◆ Exercise
Only the lines from the one with "Otomobille hafif ticari" through the end of the material are wanted, copied exactly and with the pictures left out.

◆ Data

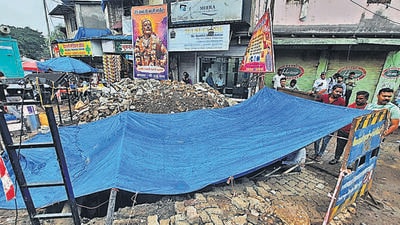 Mumbai, India - October 13, 2022: BMC Water Department workers repair a burst pipeline leading to stoppage of water supply in the area, at Ganesh Nagar, Bhandup, Mumbai, India, on Thursday, October 13, 2022. (Praful Gangurde/HT Photo) (HT PHOTO) Mumbai, India - October 13, 2022: BMC Water Department workers repair a burst pipeline leading to stoppage of water supply in the area, at Ganesh Nagar, Bhandup, Mumbai, India, on Thursday, October 13, 2022. (Praful Gangurde/HT Photo) (HT PHOTO)
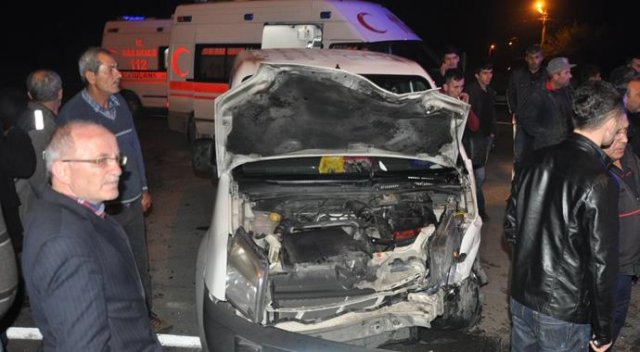 Otomobille hafif ticari araç çarpıştı: 6 yaralı görseli
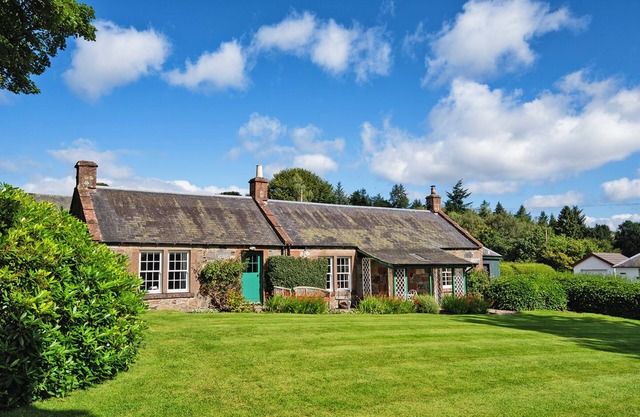 A Charming Period Family Cottage On The Edge Of The Cairngorms National Park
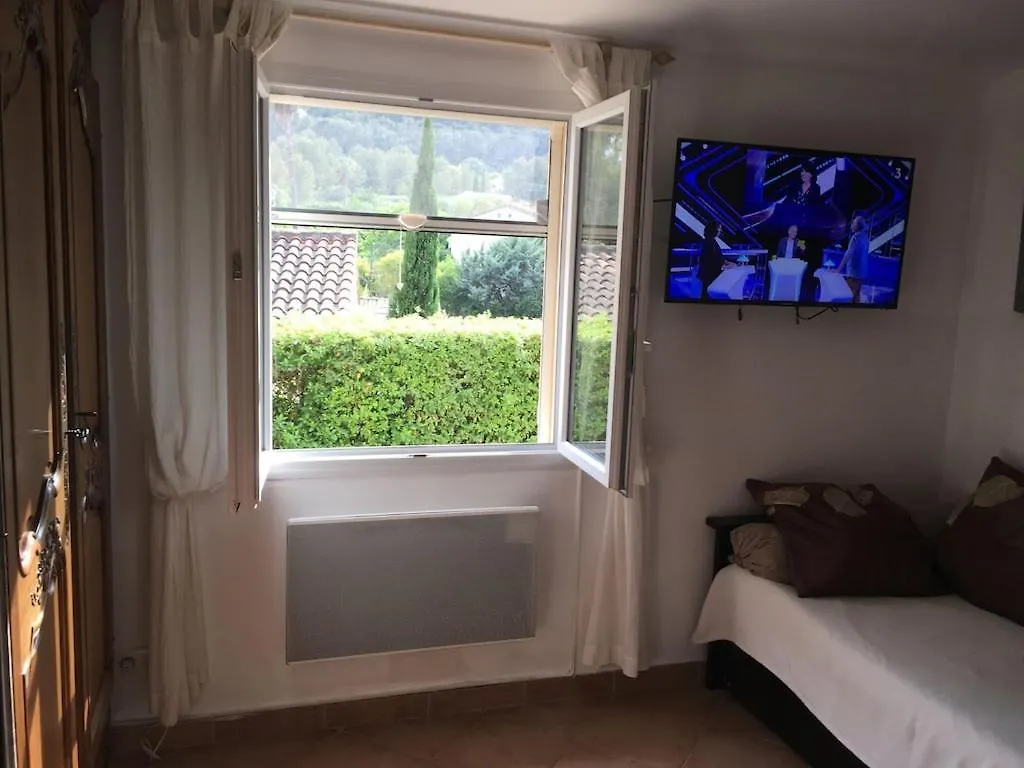Bandol-Maison La Bienvenue 9Mn A Pied Mer-Calanque Port D'Alon-Grand Jardin+Fibre Wifi Villa Saint-Cyr-sur-Mer 0*,  France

◆ Your response
 Otomobille hafif ticari araç çarpıştı: 6 yaralı görseli
 A Charming Period Family Cottage On The Edge Of The Cairngorms National Park
Bandol-Maison La Bienvenue 9Mn A Pied Mer-Calanque Port D'Alon-Grand Jardin+Fibre Wifi Villa Saint-Cyr-sur-Mer 0*,  France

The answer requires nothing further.